(Assignment):
Repeat exactly each line of the material, starting from the line that contains "Camel Resting by" and finishing with the final line.

━━━━

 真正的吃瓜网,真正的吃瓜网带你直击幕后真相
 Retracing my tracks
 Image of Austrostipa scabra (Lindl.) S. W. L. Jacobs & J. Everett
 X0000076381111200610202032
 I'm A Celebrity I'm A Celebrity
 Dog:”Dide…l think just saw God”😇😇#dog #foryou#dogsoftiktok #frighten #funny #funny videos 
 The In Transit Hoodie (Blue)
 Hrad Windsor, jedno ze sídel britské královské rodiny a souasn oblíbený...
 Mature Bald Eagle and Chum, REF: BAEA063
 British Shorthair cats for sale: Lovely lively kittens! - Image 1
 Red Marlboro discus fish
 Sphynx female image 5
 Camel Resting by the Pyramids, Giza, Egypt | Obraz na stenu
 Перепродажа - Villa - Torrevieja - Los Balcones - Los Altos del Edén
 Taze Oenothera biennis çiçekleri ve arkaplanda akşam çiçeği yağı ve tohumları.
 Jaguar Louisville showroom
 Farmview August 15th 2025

━━━━

(Exercise solution):
 Camel Resting by the Pyramids, Giza, Egypt | Obraz na stenu
 Перепродажа - Villa - Torrevieja - Los Balcones - Los Altos del Edén
 Taze Oenothera biennis çiçekleri ve arkaplanda akşam çiçeği yağı ve tohumları.
 Jaguar Louisville showroom
 Farmview August 15th 2025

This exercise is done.